I'm looking for a way to create static libs with lambdanative and use them in existing iOS apps in obj-c/swift.

Is make payload the right way to go?

Any ideas are greatly appreciated.

mgorges commented 8 years ago

Hi @ildarsharafutdinov - make payload is part of the regular application compilation process and won't result in a shared library. We'll need to think a bit more about how to expose interfaces to create libraries you envisioned. Give us a few days to think about it and then get back to you. Thanks Matthias

ildarsharafutdinov commented 8 years ago

@mgorges,

Thank you for the reply.

I'll explain a bit more what I want to achieve. It's ok for me to create native UI with iOS/Android tools. From what I've seen so far this is the only option to create UI that feels good on target platforms.

However, I want to write internal app logic once. This logic doesn't contain UI part and can be done in portable way. Dropbox team has chosen c++ and implemented djinni tool to generate bridging code. Personally would prefer scheme instead of c++. There is also a mocl tool which looks pretty neat for common lisp.

Gambit + lambda native seems to be almost there as well. The only option left is to enable lambda native without main function.

ildarsharafutdinov commented 8 years ago

@mgorges,

any ideas on what to use instead of make payload?

clpetersen commented 8 years ago

Commit 0fd9226 adds basic support for this functionality. make payload does what you want. You can make an app with your Scheme logic, and some C declared functions, e.g.

(c-define (c-plus x y) (int int) int "scm_plus" "" (+ x y))

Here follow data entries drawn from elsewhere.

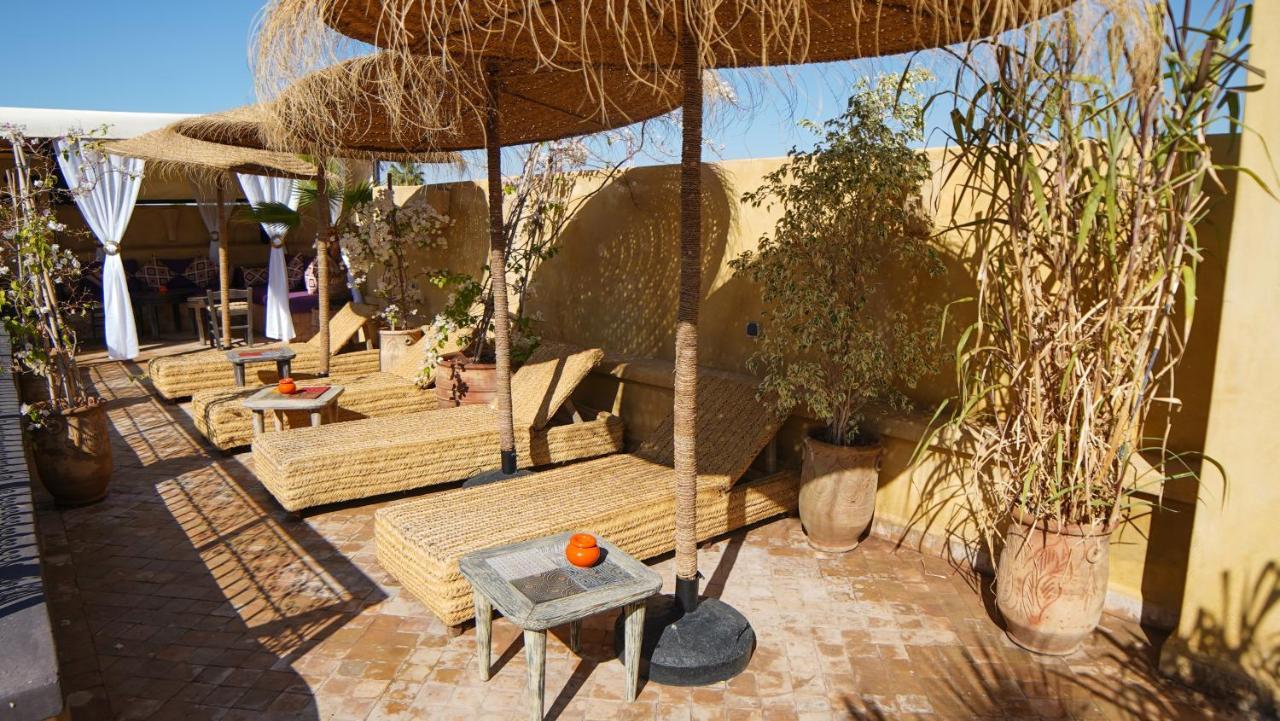 Riad Sultan Suleiman Marakéš Exteriér fotografie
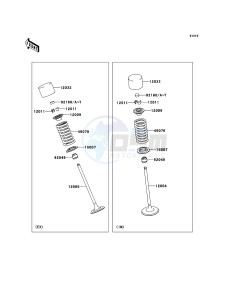 ER-6f EX650C9F GB XX (EU ME A(FRICA) drawing Valve(s)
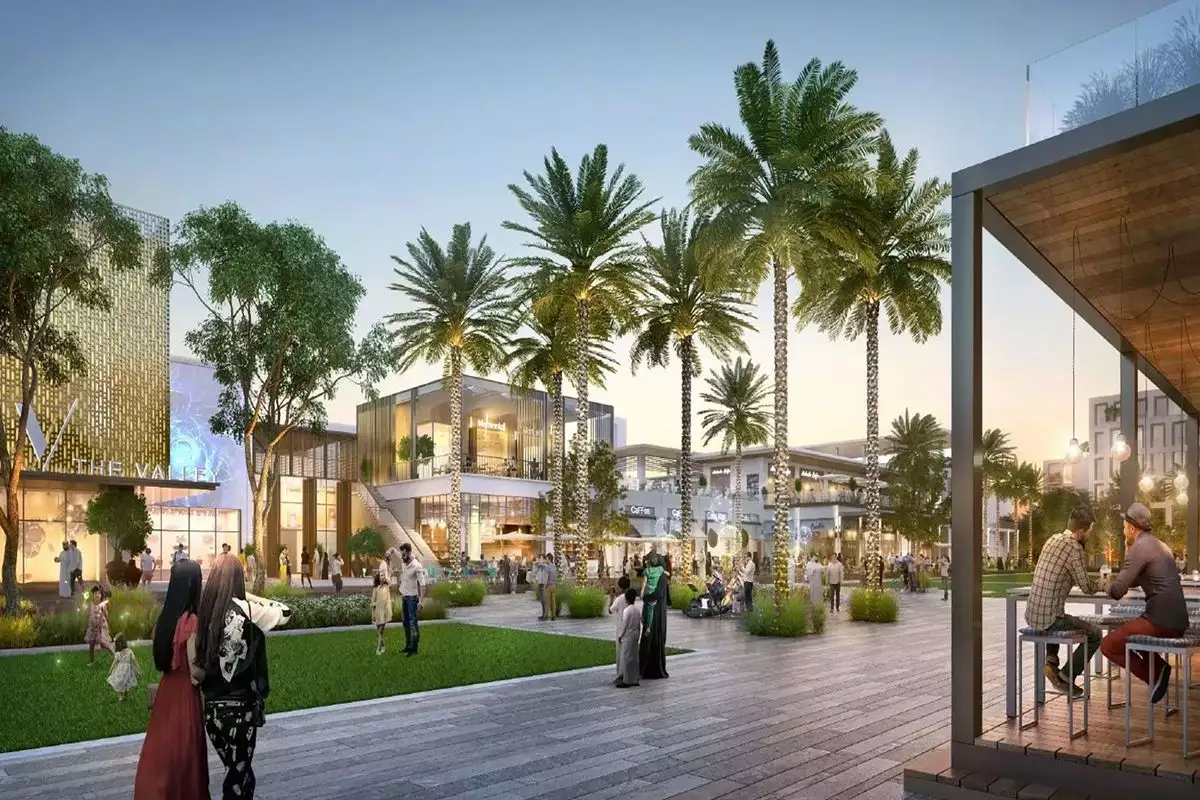 Townhouse 255m² in UAE, Dubai. Priced at 649260€ rent photo-14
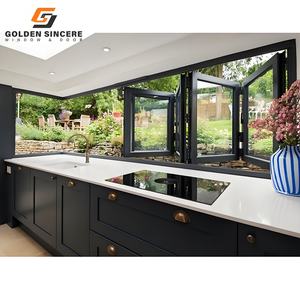 Fenêtre pliante GS en aluminium avec finition de surface enduite de poudre - Product Image 4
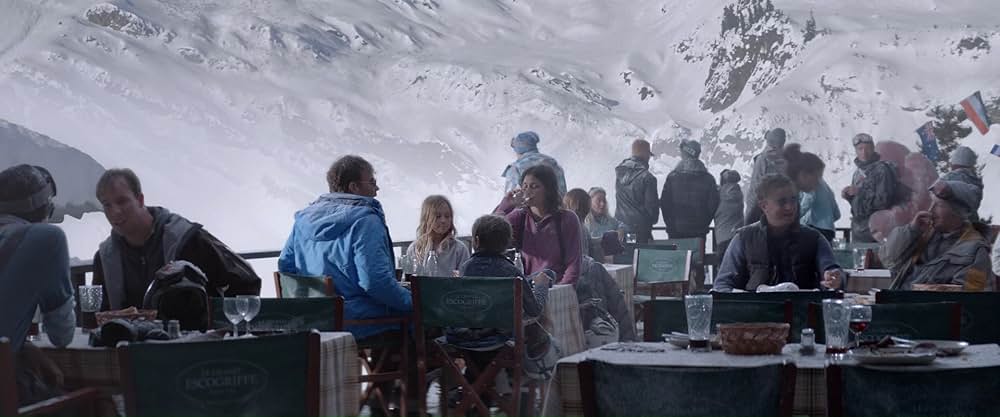 フレンチアルプスで起きたことの画像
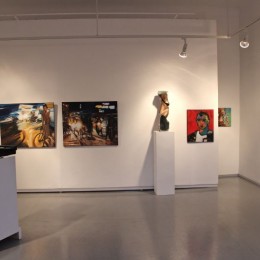 "Second Encounter" Estonia - Sweden, Edward Wilde Museum, Kastellaanimaja Gallery, Tallinn, Estonia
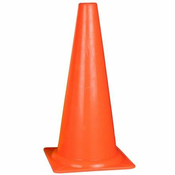 Športni stožec oranžne barve višina/širina 15 cm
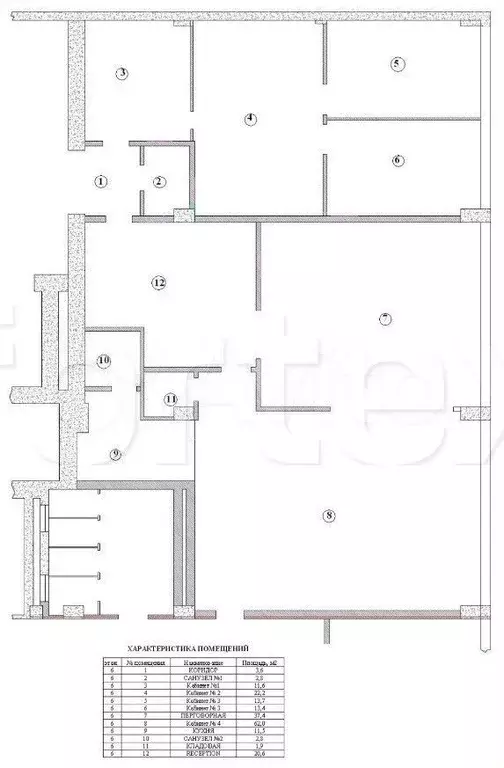 Продам офисное помещение, 203 м - Фото 0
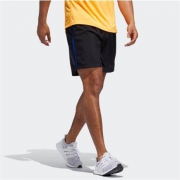 9日0点：adidas 阿迪达斯 OWN THE RUN SH DQ2568 男士运动短裤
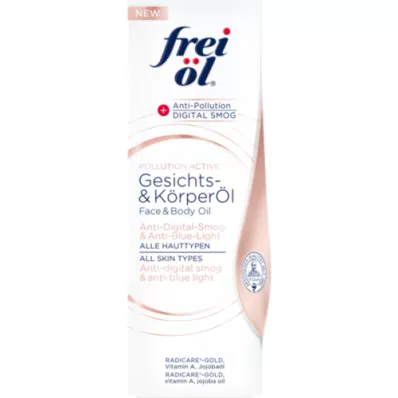 FREI ÖL Pollution Active Face &amp; Testolaj, 100 ml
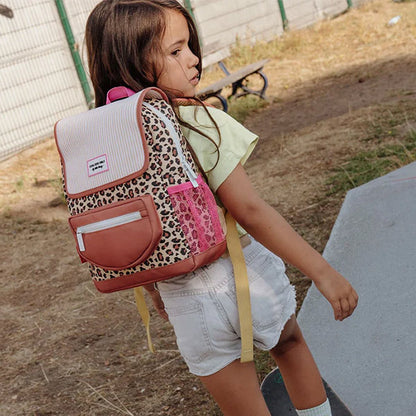 Mochila Hello Hossy Léopard #6 +6 años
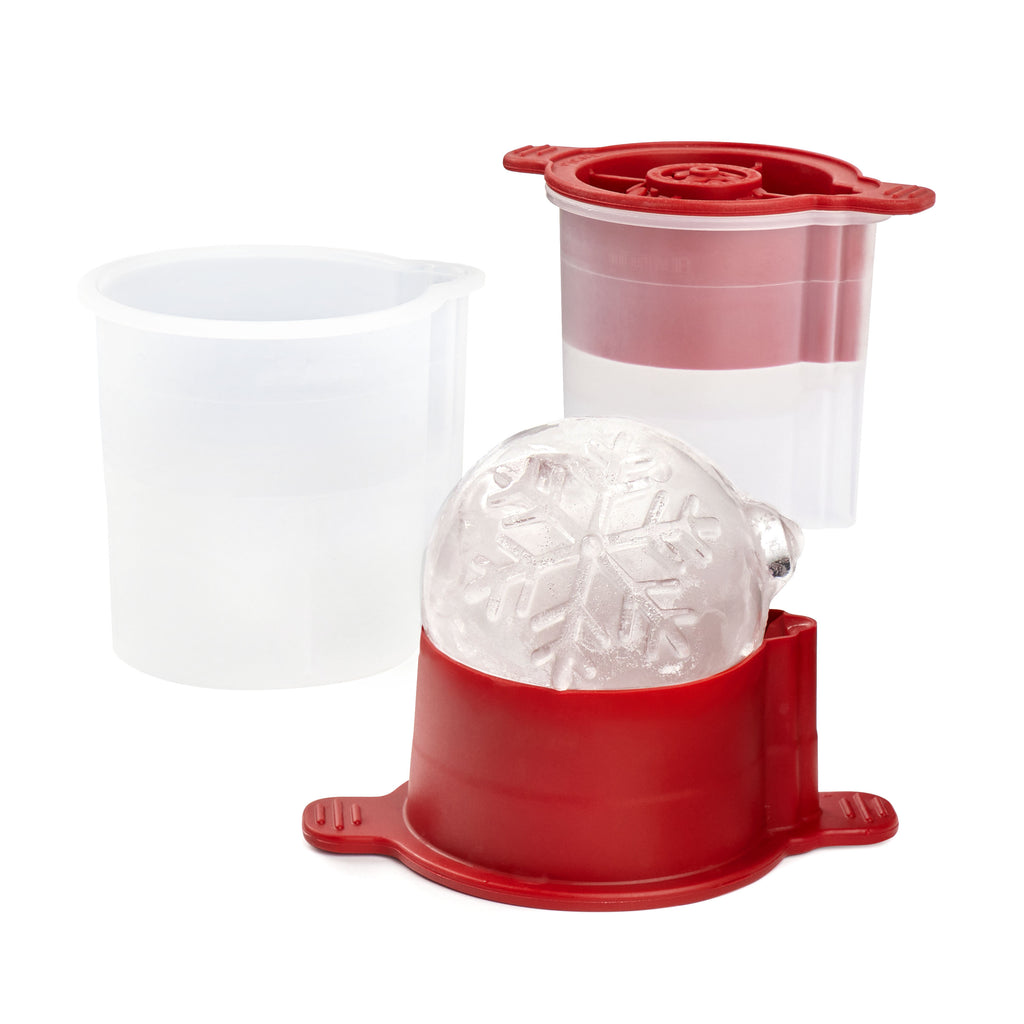 Holiday Ornament Ice Molds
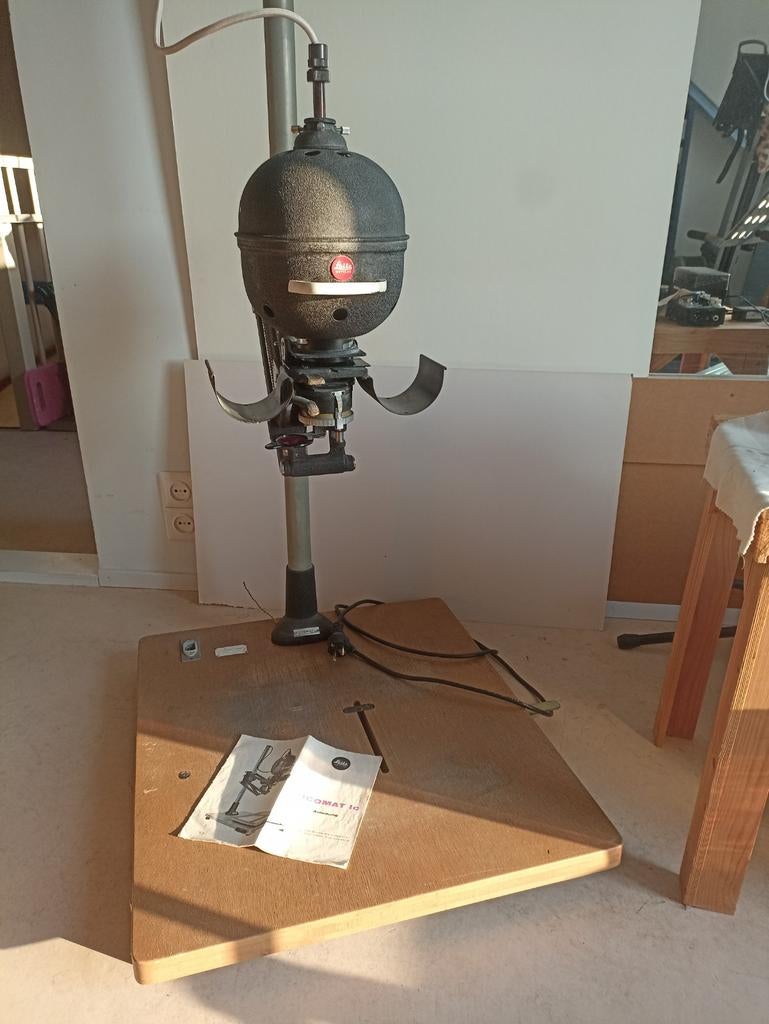 Leitz Focomat 1c vergroter met Focotar 50mm lens, Audio, Tv en Foto, Fotografie | Doka Toebehoren, Ophalen, Gebruikt, Doka-onderdelen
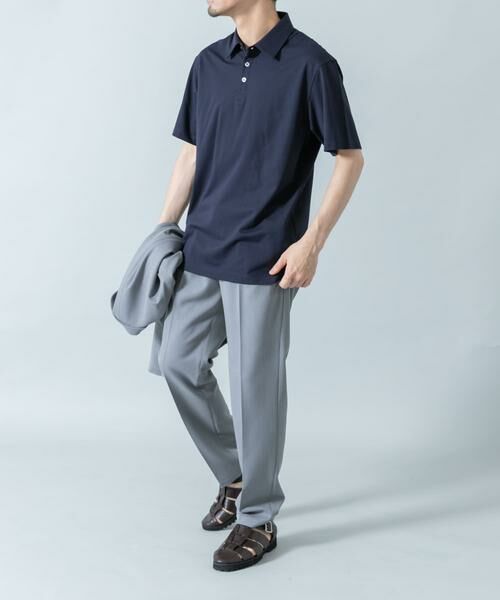 URBAN RESEARCH ROSSO / アーバンリサーチ ロッソ ポロシャツ | 『XLサイズあり』ハイパフォーマンスコンフォートポロシャツ | 詳細19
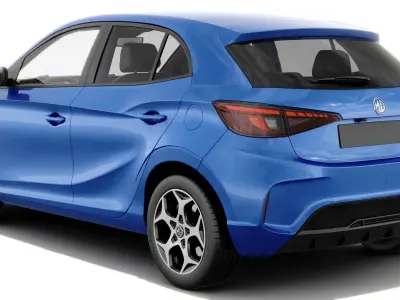  MG 3 2025 with interior 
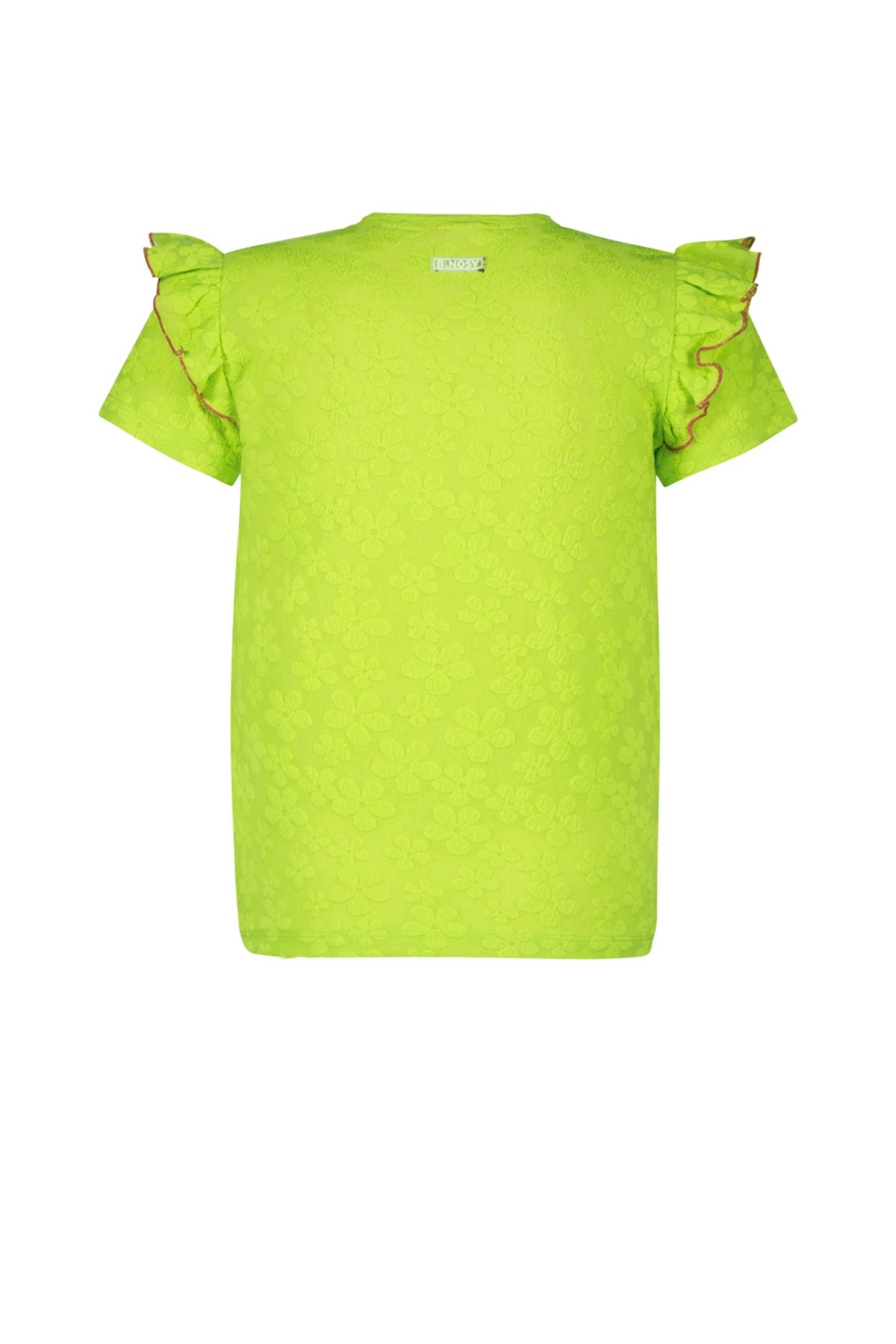 Blake flower top with ruffles
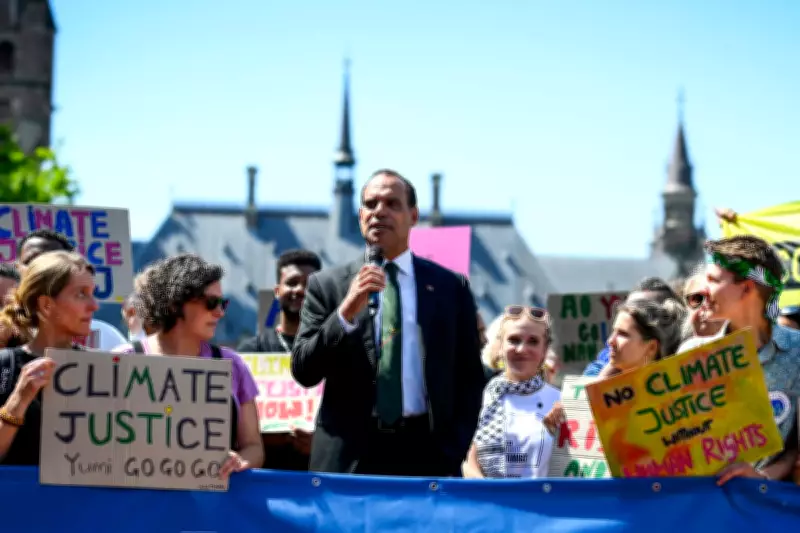 Vanuatu's UN Climate Crisis Warning Amid Trump's Return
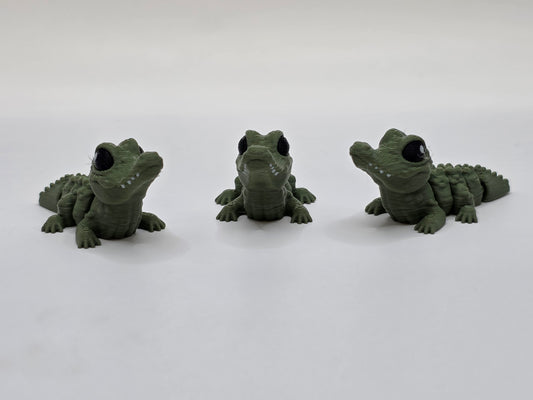 Alligator - 3D POCKET PAL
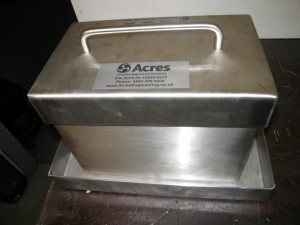 TAM Plate Acetone Tank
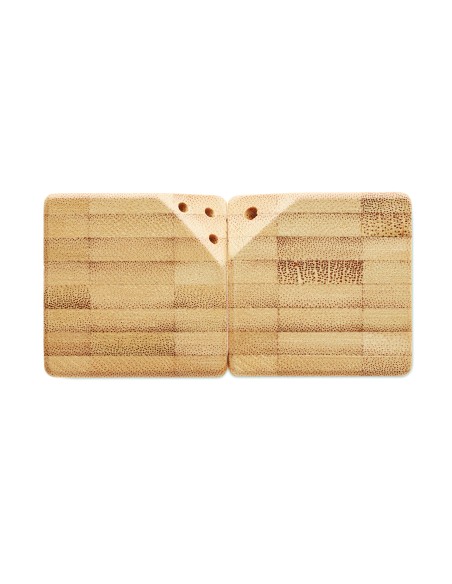 Set sale e pepe in bambù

This could be placed either in a console app (like DemoConsole) or in a gui app. When you do ./configure <YourApp> ios followed by make payload, the payload library is generated for iOS (or whatever other platform you want), and the last line of the build log points to it, something like == /Users/chris/Library/Caches/lambdanative/ios/armv7/lib/libpayload.a. Copy this file into your third party toolkit, and invoke your logic from C like so

void lambdanative_payload_setup();
void lambdanative_payload_cleanup();
int scm_plus(int,int);
...
lambdanative_payload_setup();
...
printf("1 + 2 = %i\n", scm_plus(1,2));
...
lambdanative_payload_cleanup();
...

You'll need to work out the dependencies of the static payload library. It is for the most part self-contained, but does use some standard OS libraries/frameworks depending on the modules you include in the app. Note that some modules trigger loader side changes that are not reflected in the payload library. Your milage will vary.. this is not the intended use of the lambdanative framework, but if you really just write clean Scheme logic, you should be fine.